On a vu des peintres qui rendoient affreux les visages d’hommes pour les faire contraster avec les femmes. Cette ressource ne suppose pas un grand art & ne mérite pas d’être adoptée. On peut seulement en profiter quand elle est offerte par le sujet. La face de bouc, le teint brûlé d’un satyre contraste fortement avec la beauté d’une jeune nymphe & la blancheur de son teint ; le visage ridé d’une vieille nourrice fait un contraste heureux avec les jeunes attraits de Danaë.

On n’a pas besoin de chercher les contraires pour contraster suffisamment. Le front chauve d’un vieillard, l’expression de son austère sa-


gesse contrastent bien avec le front ingénu d’un adolescent que parent les boucles naturelles de ses cheveux. Les traits d’une prudente mère qui a la beauté de son âge contrastent avec la beauté naissante de sa modeste fille. La fière Junon & la tendre Vénus, toutes deux également belles, contrastent par le caractère différent de leur beauté.

Il est un autre contraste trop négligé par les peintres d’histoire : c’est celui des proportions. On a mesuré un petit nombre de statues antiques, & l’on a donné pour règle d’en suivre les proportions : on est convenu d’éviter le trop d’embonpoint & la maigreur. Mais, comme le remarque le célèbre Mengs : « Les peintres doivent mettre infiniment plus de variété dans leurs productions que les sculpteurs, & sont parconséquent renfermés dans des bornes moins circonscrites. » Raphael semble avoir pensé de même : il s’est servi de toutes sortes de proportions, & l’on connoît de lui des figures qui n’ont que six têtes & demie de hauteur ; c’est encore le même artiste qui fait cette observation.

Sans doute, si l’on fait un tableau d’un petit nombre de figures, on doit leur donner, suivant leur état, leur âge & leur sexe, la plus élégante proportion. Sans doute encore ce seroit un défaut de représenter un guerrier chargé d’embonpoint, à moins qu’on ne fasse un portrait, parce que les exercices & les fatigues d’un homme de guerre semblent exclure une corpulence qui suppose l’abondance & le repos.

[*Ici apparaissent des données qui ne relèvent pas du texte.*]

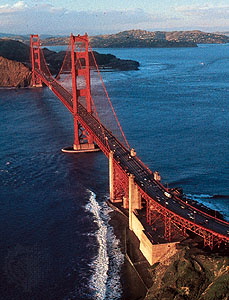 The Golden Gate is considered an engineering breakthrough, as it was built on extremly difficult terrain.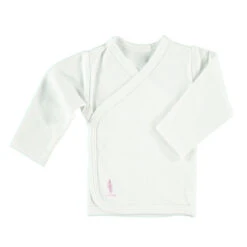 Pure Baby Preemie Long Sleeve Kimono Top - Pink Feather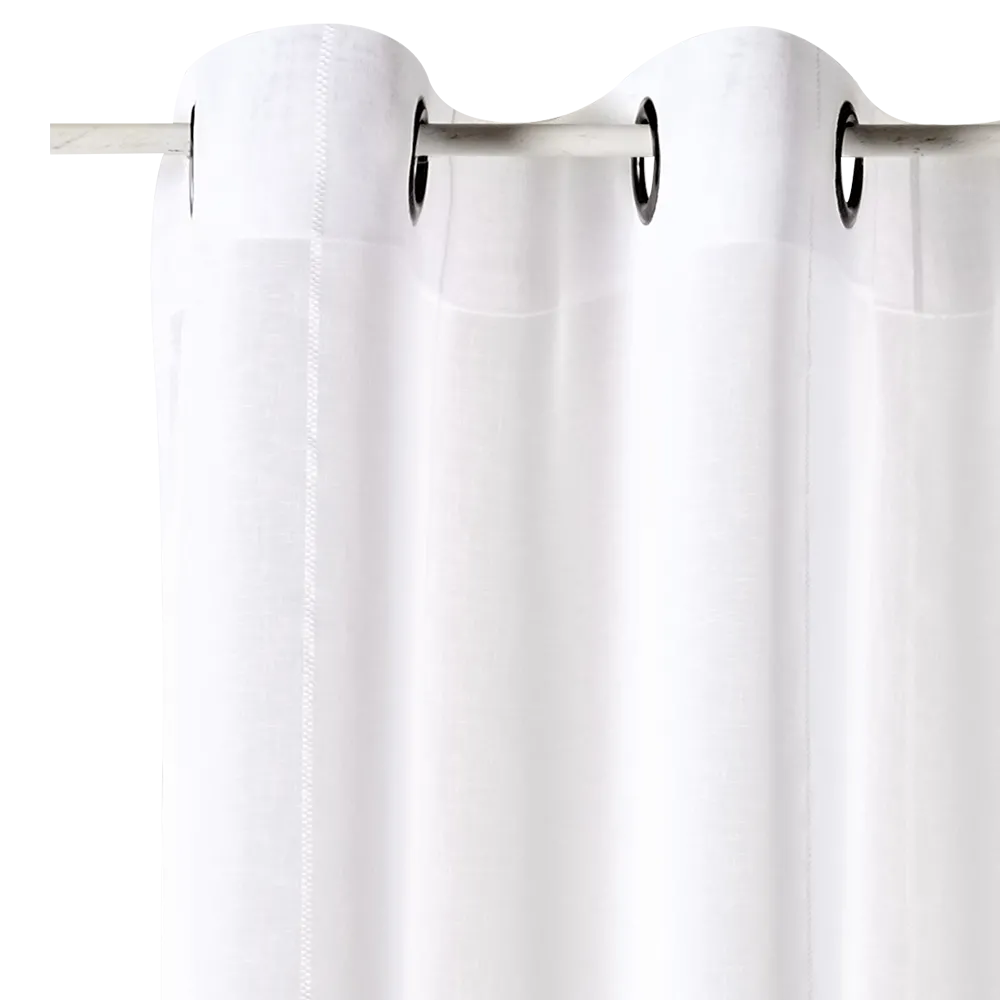 Voilage CALVI coloris blanc 240 x 260 cm - 4MURS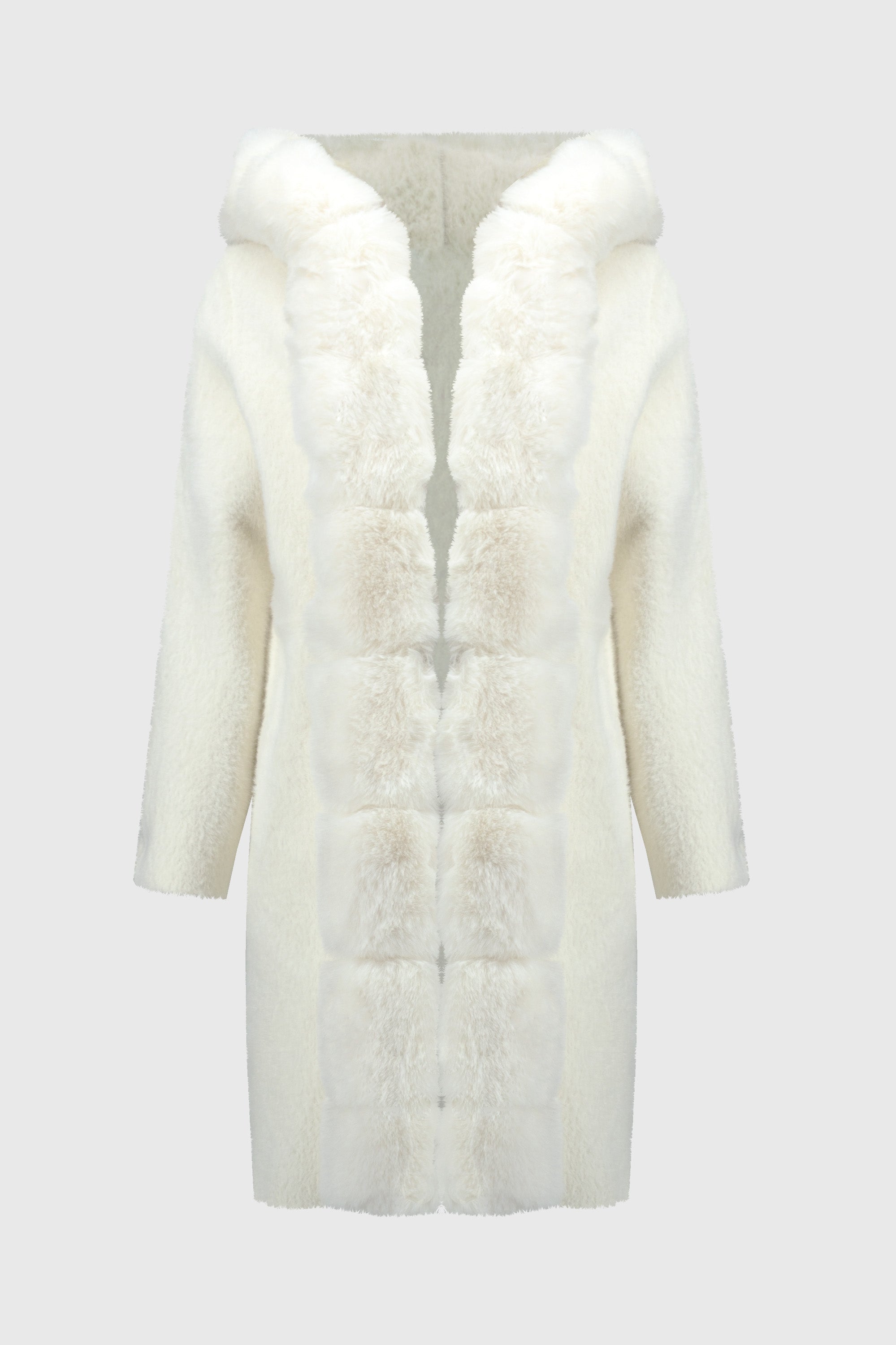 Vanilla Fur Trim Coat - 244929
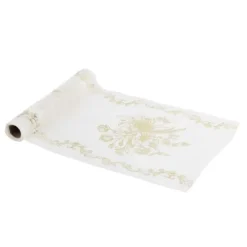 Chemin de table - 28 cm x 5 m - Collection Vintage Doré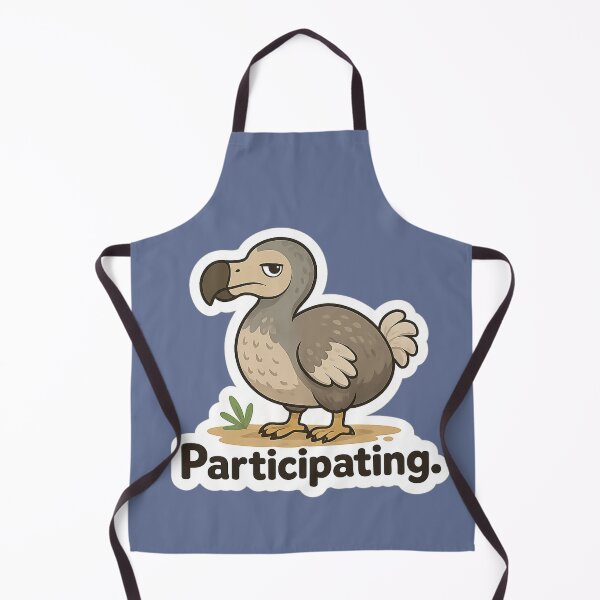 Item preview, Participating. Dodo Bird Meme | Deadpan Animal Sticker Design designed and sold by BabyStark.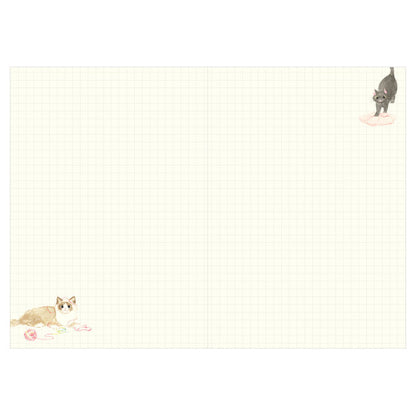 [Précommande] Agenda à motifs de chats "Lazing around" vert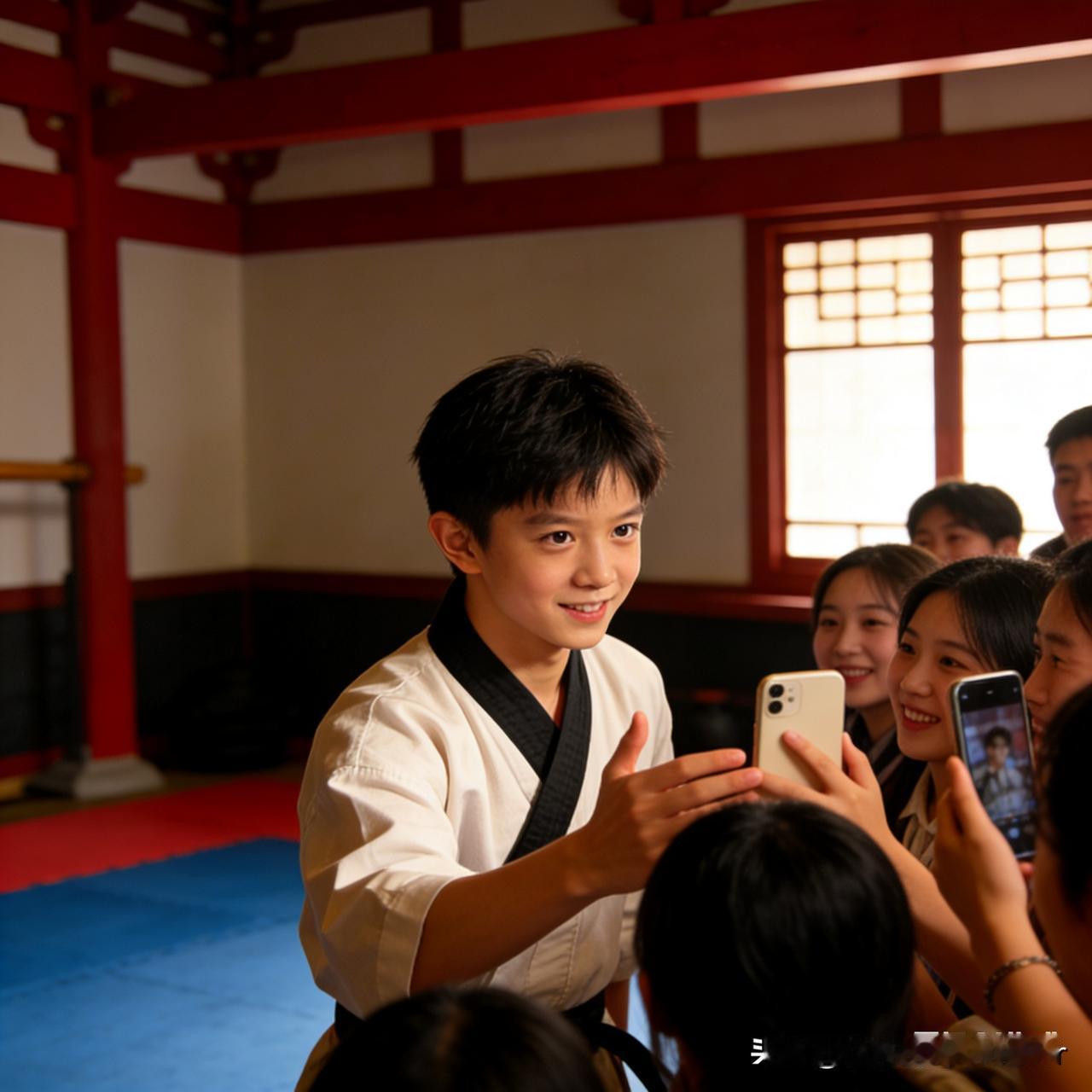 版本一：励志向
 
黄子韬童年习武意外致脑淤血，手术缝了43针才脱险。他却把这段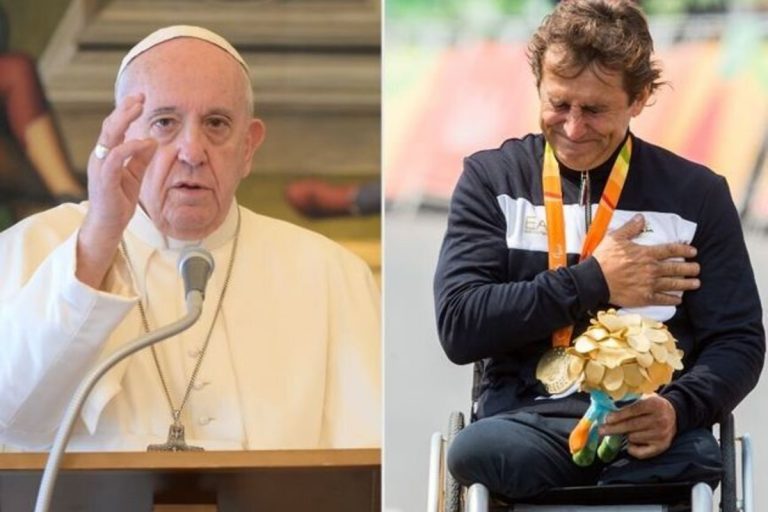 papa bergoglio zanardi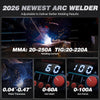 Arccaptain ARC250A newest arc welder output ranges and hot start/arc force graphic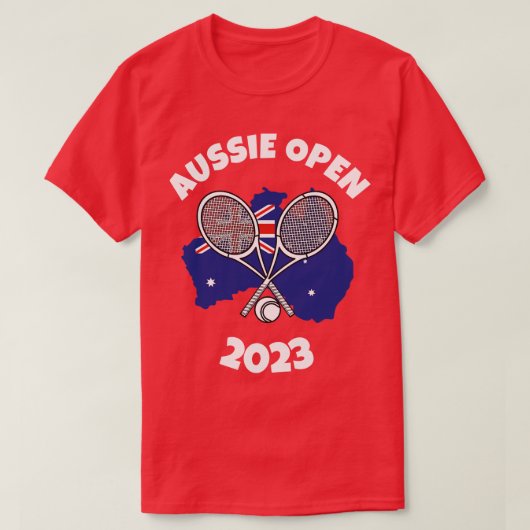 Australian Aussie Open 2023 Tennis T-shirt (Design voorkant)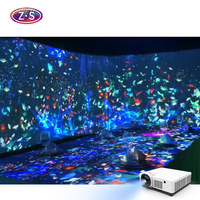 Système d'expérience immersive holographique avec projecteur laser 3D interactif personnalisable pour les mariages et les décorations de fêtes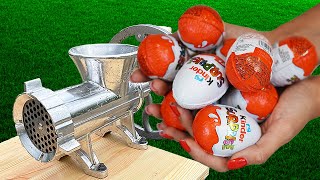 🟢 Meat Grinder VS Kinder Surprise SECRETS [upl. by Shaughn198]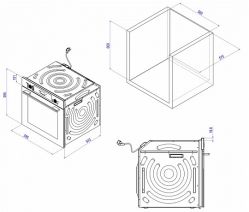 KORTING OKB 4701 CNRN Духовой шкаф серия Retro - дизайн Vintage. часы в классическом стиле, таймер и отключение, 7 режимов, объем 69 л, телескоп.напр. на 1 уровне, каталитическая очистка задней стенки, цвет - чёрный; цвет ручки и регуляторов - чёрный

Mais, dans une assemblée de magistrats, de savans ; dans un concours de peuple, dans une réunion d’hommes, dont plusieurs mènent une vie sédentaire, tandis que d’autres sont livrés à de rudes travaux, pourquoi ne rassembleroit-on pas toutes les proportions qui ne sont ni ridicules ni vicieuses ? Pourquoi n’imiteroit-on pas la variété de la nature ? N’est-ce pas avertir qu’on ne l’imite pas que de mesurer tous les hommes sur un même module ? N’a-t-elle pas des beautés véritables dans le nombre infini de ses varietés ? Pourquoi dans une assemblée d’anciens philosophes, Diogène, volontairement misérable, ne seroit-il pas d’une extrême maigreur ; le laborieux Aristote un peu maigre ; le voluptueux Arstippe un peu trop gras, & le fastueux Platon pourvu d’un juste embonpoint ? La proportion de Voltaire, celle de Montesquieu seroient-elles déplacées dans une conférence de gens de lettres ? Puis-je croire que je vois un peuple assemblé, si je cherche envain des hommes d’une haute stature, s’élevant de la tête presqu’entière au-dessus de quelques gens d’une taille moyenne, tandis que ceux-ci ont auprès d’eux des hommes d’une proportion courte & ramassée ? (Article de M. Levesque).